The request for information is also the CFPB’s first step in forming rules about the collection and reporting of lending data. For the most part, there are no data available on the race, ethnicity or sex of commercial borrowers, and gathering such data is against the law because it cannot be used in making lending decisions.
Thus far, the overall response to the inquiry has been mixed. Banks have advised the bureau to proceed with caution while credit unions are asking for exemption to any further rulemaking that could increase the regulatory burdens and compliance costs on small business lending. Lawmakers have called into question the privacy impact of publicly releasing lending data.
So where do lending marketplaces stand on these issues?

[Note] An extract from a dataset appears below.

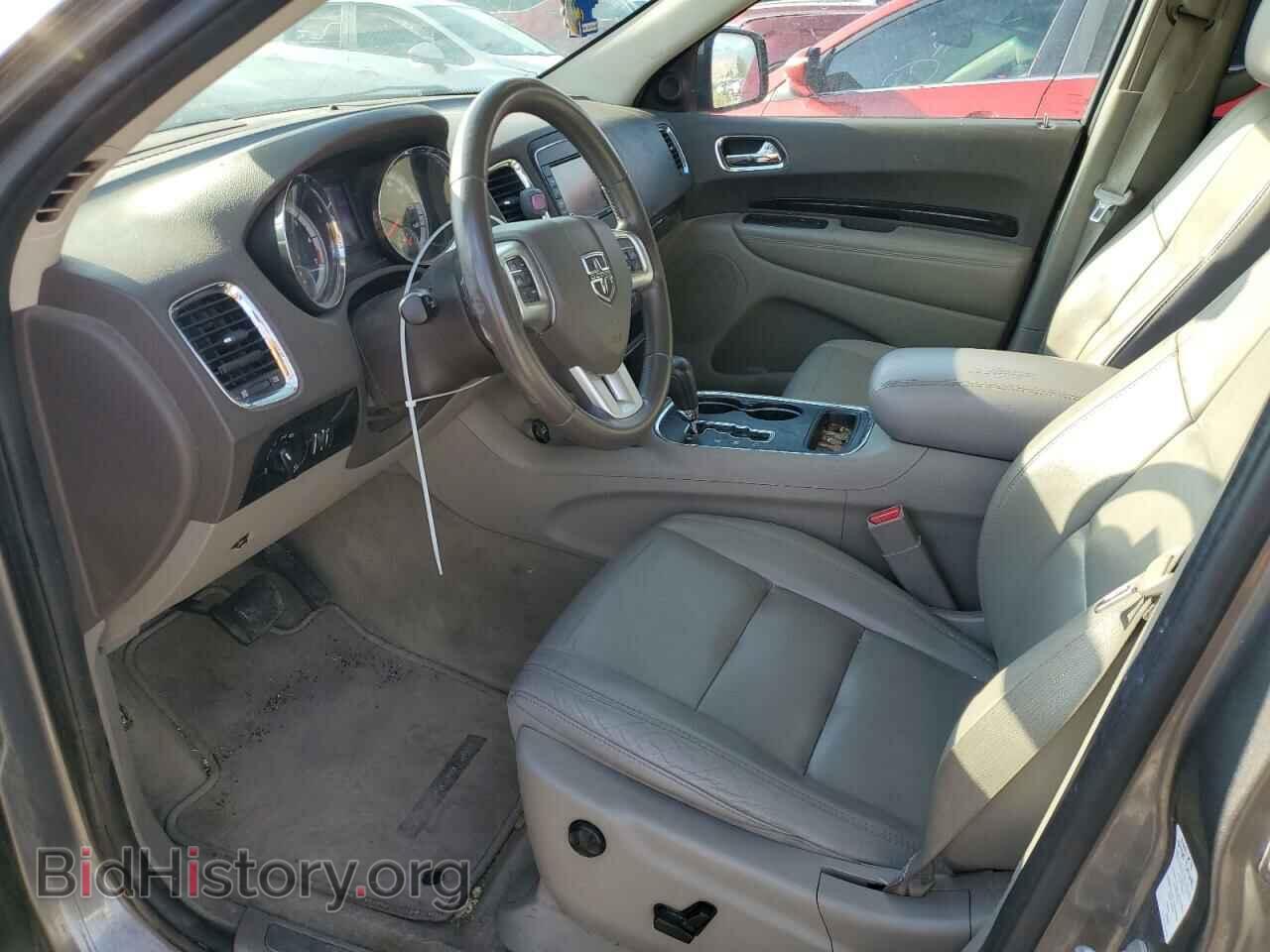 2013 DODGE DURANGO - VIN: 1C4RDJDG8DC611360 - Фото 7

Lending Marketplaces Believe in Protecting Business Owners and the Industry
We believe in protection for business owners as well as the industry. Lending marketplaces and online lenders are focused on serving the small business borrower; our number one goal should always be to protect these entrepreneurs who are not only the backbone of the U.S. economy, but the lifeblood of the online lending industry. Their success is our success and we champion that. We agree that coming together in the name of creating standards for transparency and best practices in lending is the best way for us to protect both the customer and the industry. We want to safeguard the borrower while at the same time leave the door open for continued innovation and growth in online lending.

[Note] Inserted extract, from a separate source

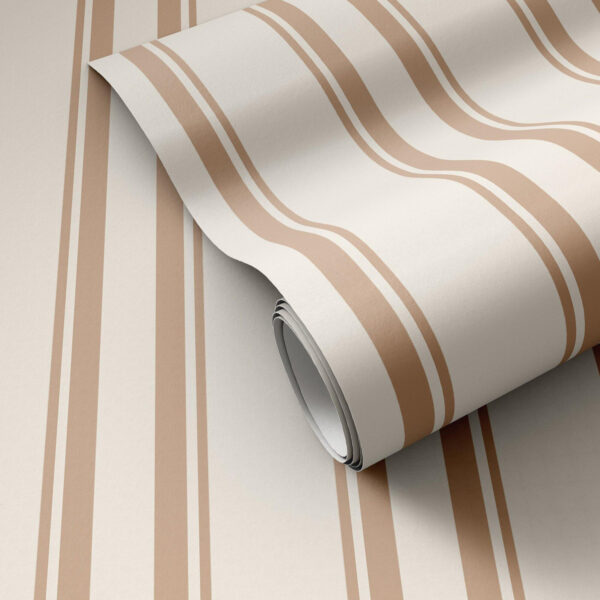 Multi Stripe Wallpaper by Getty Images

Ultimately as online lenders and marketplaces, we should be laser focused on providing a good experience for our customers, the small business borrowers. If we’re doing that, as an industry we can sort out the bad actors that don’t have the borrowers’ best interests in mind without relying solely on the government to do so. As a marketplace for small business loans, Lendio works with over 75 different lenders to provide borrowers access to capital. Because of our unique platform we are perfectly positioned to weed lenders out of our deals and leads if they aren’t up to par. Lenders alone can’t do that.
Lending Marketplaces Believe in Educating Lawmakers to Cut Down Red Tape
In December, the U.S. Office of the Comptroller of the Currency announced it would offer special-purpose charters that allow online lenders and marketplaces to do business nationwide, circumventing state regulations that require firms to be licensed in each state they do business.
The debate over these charters is still heating up. Recently the New York Department of Financial Services filed a lawsuit challenging the OCC’s fintech charter, calling it “lawless, ill-conceived and destabilizing of financial markets.” The Conference of State Banking Supervisors has also filed a similar lawsuit.
Lending marketplaces and online lenders believe in helping to educate lawmakers in order to avoid regulatory overload. As an industry, it’s our goal to avoid layers of red tape that increase compliance costs and ultimately limit the loan options available to small business borrowers. We can do a lot to avoid regulatory overload. If we work together as lenders and marketplaces to educate and properly inform our legislators, they’ll be better able to put in place fair regulations that protect both borrowers and lenders. Education should be the key objective of both groups, lenders and legislators. This will help eliminate certain knee-jerk reactions to hot-topic, sensationalized stories that are a two-percent issue versus a majority issue most of the time.
Lending Marketplaces Believe in Working with Regulatory Groups
In the name of establishing guidelines to avoid practices like double dipping, stacking and other predatory forms of lending, many working regulatory groups have formed in the industry, and many of them are made up of online lenders and marketplaces.
As regulators dive further into the small business lending market, we as lending marketplaces seek to add our influence to their policy-making. Through our commitment to protecting business owners, educating lawmakers and working with regulatory groups to do so, we believe we can help incentivize small business owners, promote growth in the online lending industry and continue to add fuel to the U.S. economy.